“It Has Been My Honor to Do this Job.”
By Michael McAllister
So stated Mayor Gordon Canfield, pictured above moments after bringing the gavel down to close the Monday, December 18, Grinnell City Council meeting—and to bring a near close to 18 years of public service at the city’s helm. His term expires December 31.
Grinnell City Council meetings are models of efficiency. Fittingly enough, the mayor’s closing comments were succinct and sincere. Council-member-at-large Jim White expressed his and the council’s appreciation for Canfield’s service, council members and the audience stood and applauded, and the event ended.
Canfield came to Grinnell with his family during his middle school years in 1952; he calls himself “almost a native.” His father, an engineer, was a principal in what would become the Donaldson Company. After high school, Canfield attended the University of Minnesota for two years, at the conclusion of which both the institution and the student agreed that the two were not right for one another.
While Canfield’s siblings left Grinnell, however, Canfield returned, and in 1960 he began moving through the ranks at Grinnell Mutual Reinsurance.
Canfield is proud of attaining the position of executive vice president with the firm, and he is also proud that his retirement party took place on the 107th floor of the World Trade Center in New York.
His nearly two decades as mayor began in September of 1999, according to the city’s website, when he was appointed by the city council to fill out the term of Robert Anderson, who had died. Canfield ran for the position in November of that year, was elected, and since has been reelected 8 times.

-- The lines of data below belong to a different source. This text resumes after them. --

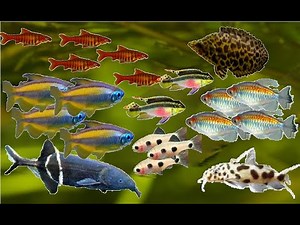 Acuario Comunitario Africano (OPCIONES)
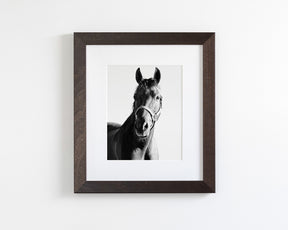 Horse and Halter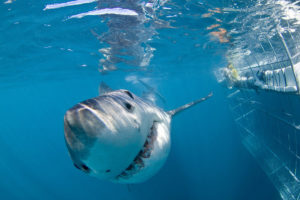 Shark Cage Diving Mossel Bay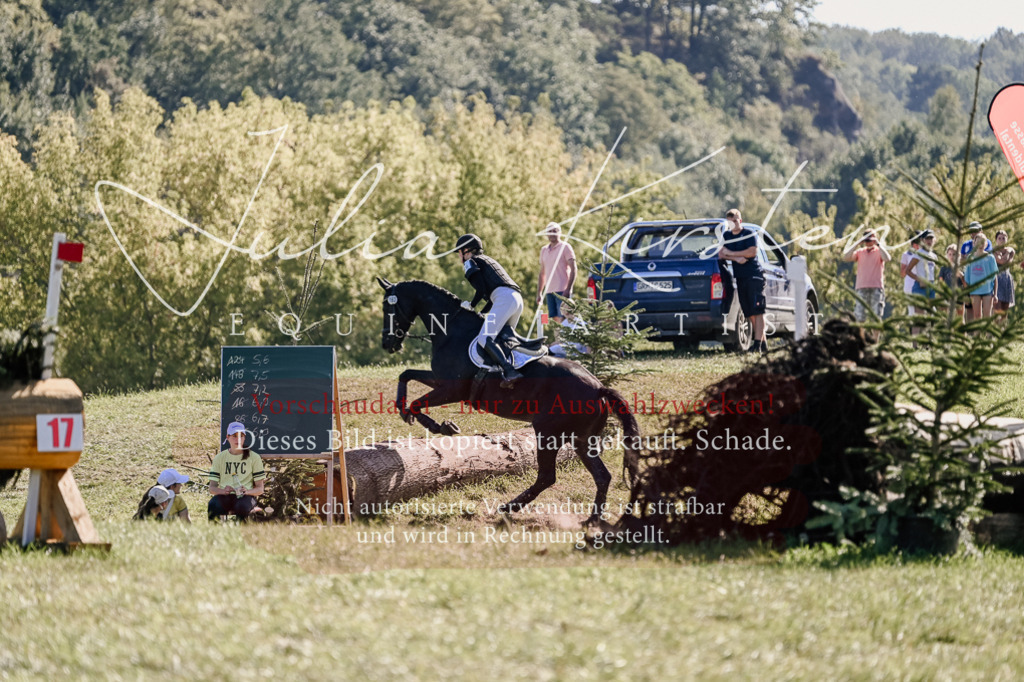 DSC_3535 | Pferde- und Turnierfotografie in Westsachsen. Pferdeportraits, Auftragszeichnungen und intuitive Kunst.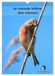 Le Calvendo Le monde intime des oiseaux (Calendrier mural 2027 DIN A3 horizontal)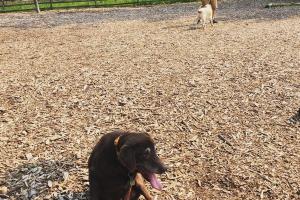 Dog Park at White Oaks Park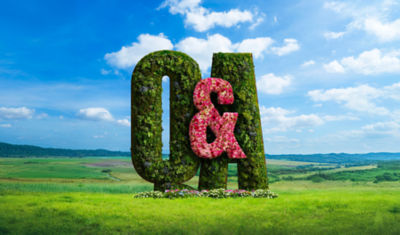 A hedgerow and flowers form the shape of a Q&A.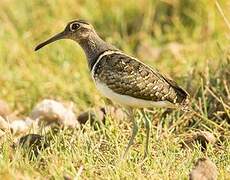 Greater Painted-snipe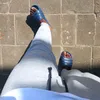 ghuryzj973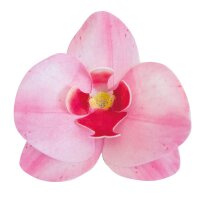 DeKora Wafer Paper Orchideen Rosa 8.5cm, 10 Stück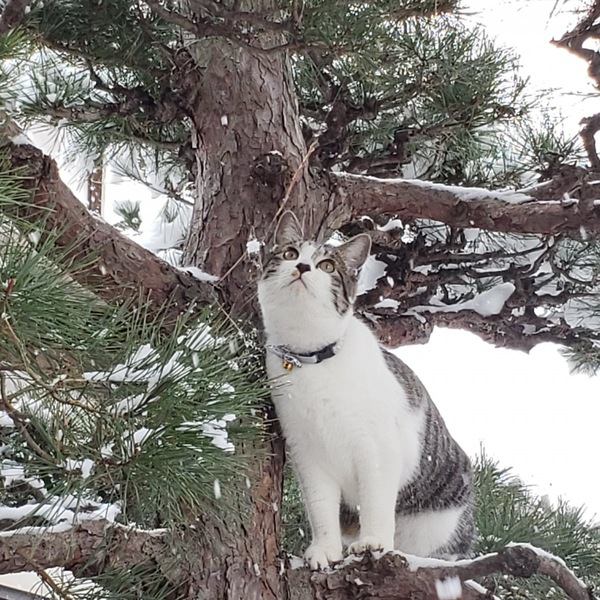 雪が積もった木に登る猫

While recalling his 18 years as mayor, Canfield mentioned the irony that some of the issues that have caused the most contention “were not all that important” in the grand scheme of things. As an example, he referred to strong objections from the public to plans by the Smith Funeral Home to add a crematorium to the building. Another issue that raised citizens’ ire was a city proposal to require snow removal from residential sidewalks within 36 hours.

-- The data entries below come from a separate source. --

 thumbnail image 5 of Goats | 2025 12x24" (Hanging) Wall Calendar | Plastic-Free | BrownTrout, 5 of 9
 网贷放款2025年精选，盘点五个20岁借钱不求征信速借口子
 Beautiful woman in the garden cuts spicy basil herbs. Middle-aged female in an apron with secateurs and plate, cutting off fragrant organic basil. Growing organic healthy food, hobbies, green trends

Canfield attributes the efficiency of city council meetings to the committee system. Issues are usually hammered out in one of four standing committees—Public Works and Grounds, Finance, Planning, and Public Safety—before formal presentation to the full council as motions.
Other, more routine issues come as part of a consent agenda and are voted on in one motion. Discussion of individual items requires a request prior to the council’s vote.
For some matters, public hearings must be scheduled, but these issues also may be dealt with quickly if no written comments have been expressed and if no one comes forward.
The last section of a typical council meeting is the inquiry section, when citizens can express concerns and present information.
Canfield mentioned attending council meetings in other towns and that, when there is no solid structure, meetings “can go on and on.”
As for retirement plans, Canfield is looking forward to some reading and some traveling. For Christmas, weather permitting, he will head north to be with family in Minnesota.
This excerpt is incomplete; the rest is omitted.